Hygiène du sommeil[[[[Éditer]

L’hygiène du sommeil est un terme commun à tous les comportements liés à la promotion d’un bon sommeil. Ils comprennent des habitudes qui fournissent une bonne base pour le sommeil et aident à prévenir l’insomnie. Cependant, l’hygiène du sommeil à elle seule peut ne pas être suffisante pour lutter contre l’insomnie chronique.[59] Les recommandations d’hygiène du sommeil sont généralement incluses en tant que composante de la thérapie cognitivo-comportementale de l’insomnie (CBT-I).[59][6] Les recommandations comprennent la réduction de la consommation de caféine, de nicotine et d’alcool, la maximisation de la régularité et de l’efficacité des épisodes de sommeil, la minimisation de l’utilisation de médicaments et de la sieste diurne, la promotion de l’exercice régulier et la facilitation d’un environnement de sommeil positif.[87] L’exercice peut être utile lors de l’établissement d’une routine de sommeil, mais ne doit pas être fait près de l’heure à laquelle vous prévoyez d’aller dormir.

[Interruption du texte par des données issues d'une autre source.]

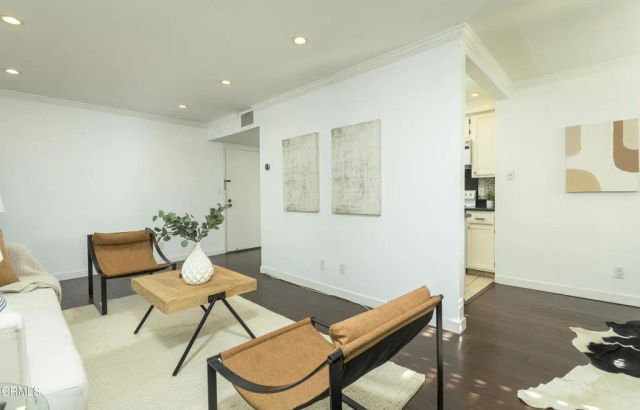 355 S Madison 212, Pasadena, CA 91101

La création d’un environnement de sommeil positif peut également être utile pour réduire les symptômes de l’insomnie. Afin de créer un environnement de sommeil positif, il faut retirer de la vue les objets qui peuvent provoquer des inquiétudes ou des pensées pénibles.[[[[citation requise]

Thérapie cognitivo-comportementale[[[[Éditer]

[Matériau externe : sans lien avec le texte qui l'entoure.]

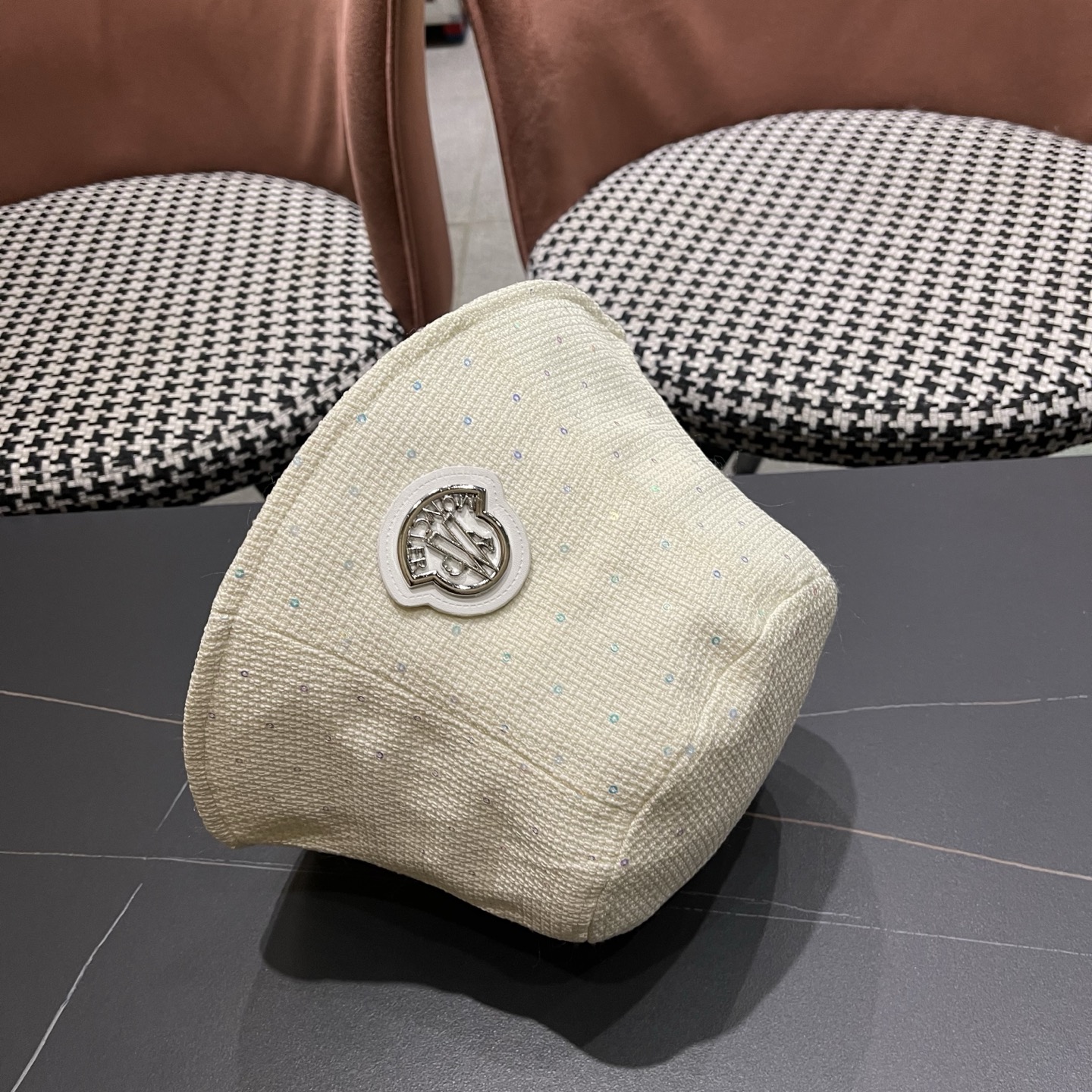 MONCLER（蒙口）重工烫钻渔夫帽子女显脸小水桶帽新款户外出游可折叠百搭盆帽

Il existe des preuves que la thérapie cognitivo-comportementale de l’insomnie (CBT-I) est supérieure à long terme aux benzodiazépines et aux non-benzodiazépines dans le traitement et la gestion de l’insomnie.[88] Dans cette thérapie, les patients apprennent de meilleures habitudes de sommeil et sont libérés des hypothèses contre-productives concernant le sommeil. Les idées fausses et les attentes courantes qui peuvent être modifiées comprennent

  1. attentes de sommeil irréalistes (par exemple, j’ai besoin de 8 heures de sommeil chaque nuit)
  2. idées fausses sur les causes de l’insomnie (p. ex., j’ai un déséquilibre chimique causant mon insomnie)
  3. amplifier les conséquences de l’insomnie (par exemple, je ne peux rien faire après une mauvaise nuit de sommeil) et
  4. anxiété de performance après avoir essayé pendant si longtemps d’avoir une bonne nuit de sommeil en contrôlant le processus de sommeil.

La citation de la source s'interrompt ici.